Michael Jackson--The Motown Years


Michael Jackson
Hello World- The Complete Motown Solo Collection
SITE SHIP DATE: 7/03/09
LIMITED EDITION QUANITITY: 7,000

“Michael Jackson could make you forget he was so young.”

So writes Suzee Ikeda, a Motown A&R assistant who was a creative confidante of a teenage Michael, in her introductory essay to Hello World: The Motown Solo Collection, a new 3-CD set that features every MJ recording released from 1971 to 1975, plus the Motown-era songs that were released after he left the company.

At the height of Jacksonmania in 1970-71, when everyone in the world, it seemed, was focusing on the hot kids’ group from Gary, Indiana, a solo career for Michael was not necessarily a given. But when 13-year-old Donny Osmond went solo while staying in the Osmonds family group, so did Michael, then turning 14, who was given material that made him sound even wiser and more mature as an artist. “Got To Be There” was his first solo hit, which featured a stunning, declamatory phrase that provided the name of this collection.

The LP Got To Be There, released in January 1972, also included the hits “Rockin’ Robin” and “I Wanna Be Where You Are.” It was followed by Ben, after the hit title song from a film about a pet rat—a song that became an unlikely No. 1 smash for Michael. The album was first issued with a cover featuring lurid artwork from the film, which was quickly replaced by a simpler image of MJ; our package reproduces both covers in the 48 page booklet.

Music And Me was next, an experiment in softening Michael’s sound—the album featured a few Adult Contemporary covers—followed by Forever, Michael. That LP had a harder dance age, and included the now-classic, sample-favorites “We’re Almost There” and “Just A Little Bit Of You.”
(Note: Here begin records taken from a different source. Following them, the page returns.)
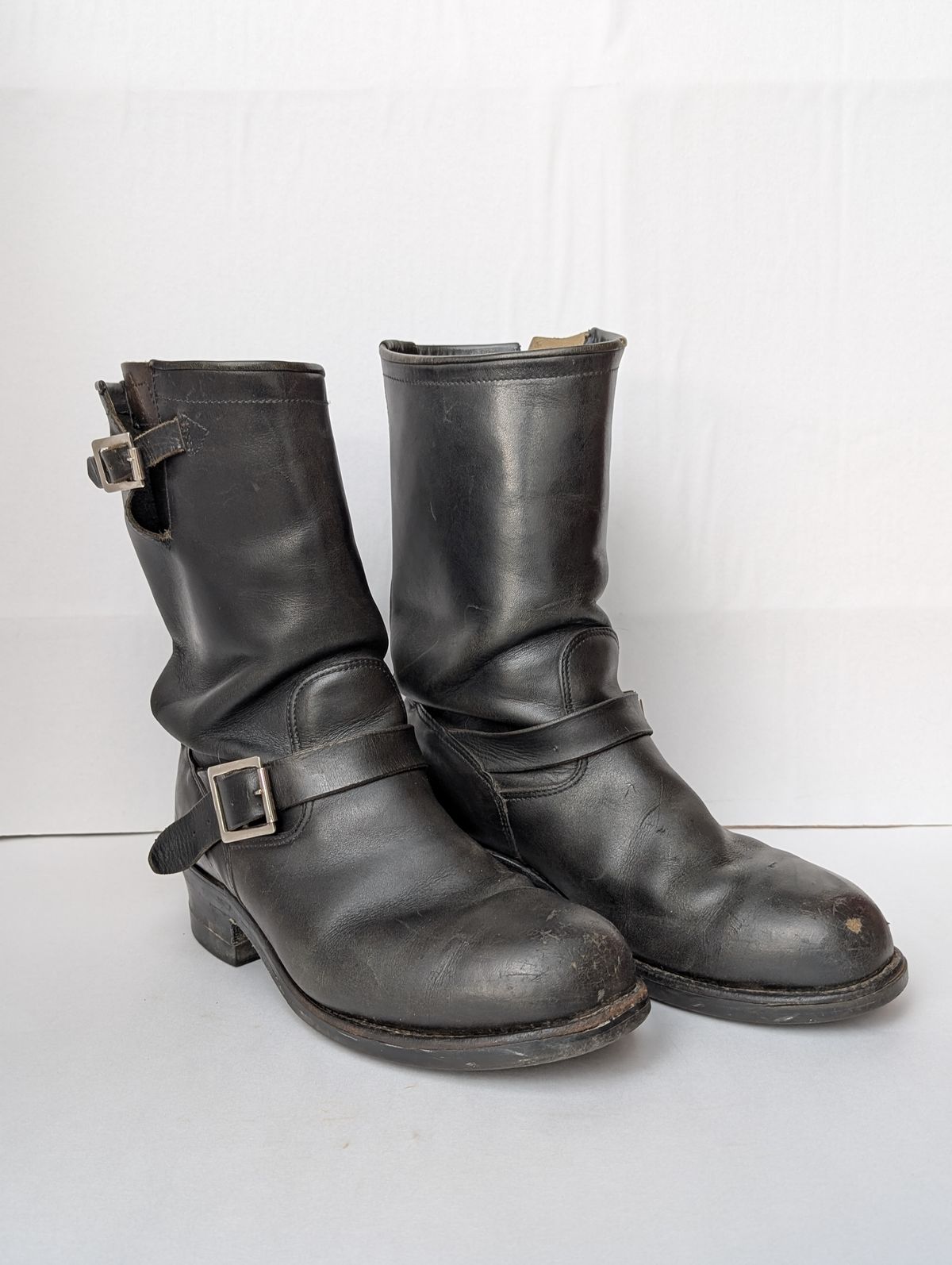 Photo by Genghis_Khant on April 4, 2026 of the Herman Survivor Engineer Boot in Unknown Leather.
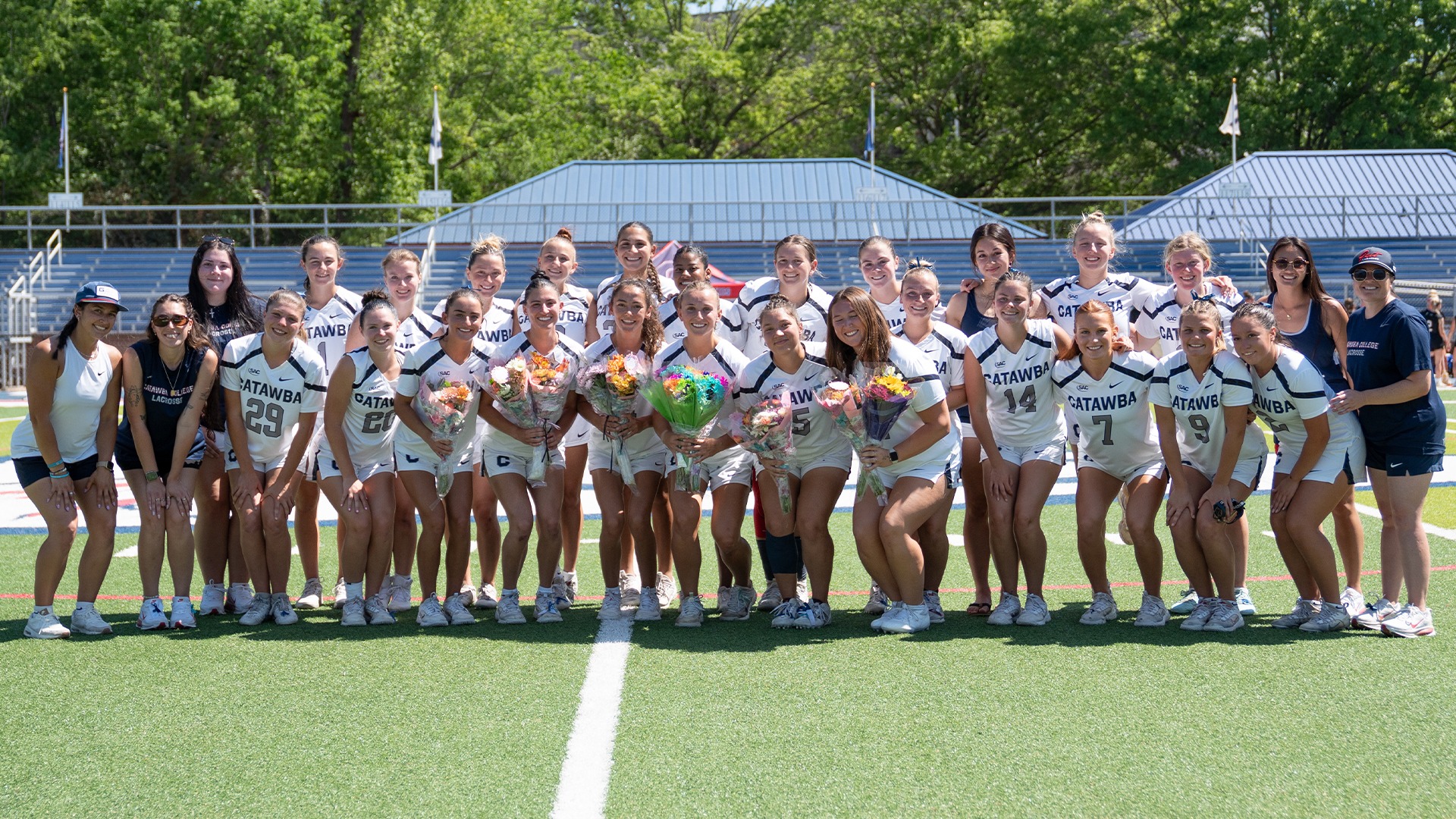Catawba Women's Lacrosse team posing with its seniors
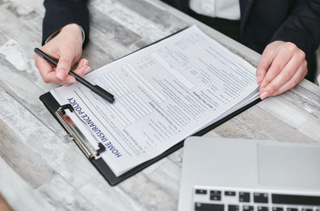 我国团体保险整体市场规模较小 但行业需求增长迅速且产品体系逐渐丰富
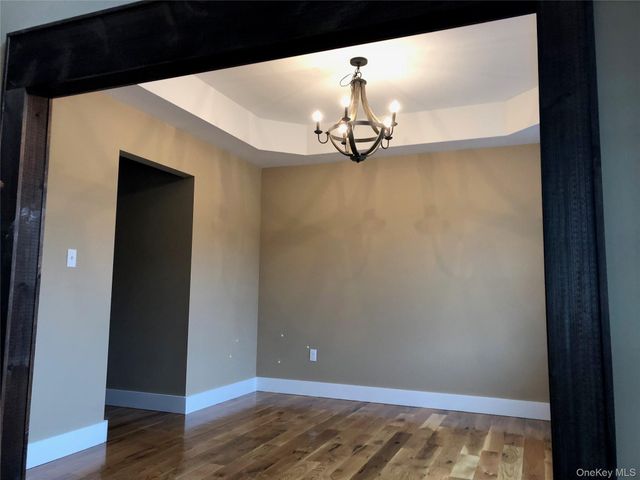 11 Sunset Lane, New Hampton, NY 10958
Those four albums might have been the end of the story for Michael and Motown, as the J5 left in 1975 to go to Epic Records. In the aftermath of the huge success of MJ’s solo Off The Wall, however, came the compilation One Day In Your Life, whose title song—lifted from Forever, Michael—turned into a No. 1 hit in the U.K. and top 40 AC in the U.S. Following the crazy ride of Thriller, Motown released Farewell My Summer Love, a batch of songs from the vault with contemporary overdubs; the title song went top 10 R&B.

There’s more: in 1986 Motown issued Looking Back To Yesterday, a collection of more vault masters—some with the J5—that contained further unexpected gems.

Hello World has all of that and these extra gems: all nine songs from Farewell My Summer Love are included in their original, undubbed mixes. Plus, we unearthed the original mix of “Twenty-Five Miles”—Michael’s cover of the Edwin Starr hit that has previously been available only in a 1987 vault collection. It’s all in a splendid 8” x 5.5” package with Ms. Ikeda’s intro, a main essay by Mark Anthony Neal, pages of annotations, rare photos and repros of the LP jackets. It’s deserving of the one of the greatest performers the world has ever known, at any age.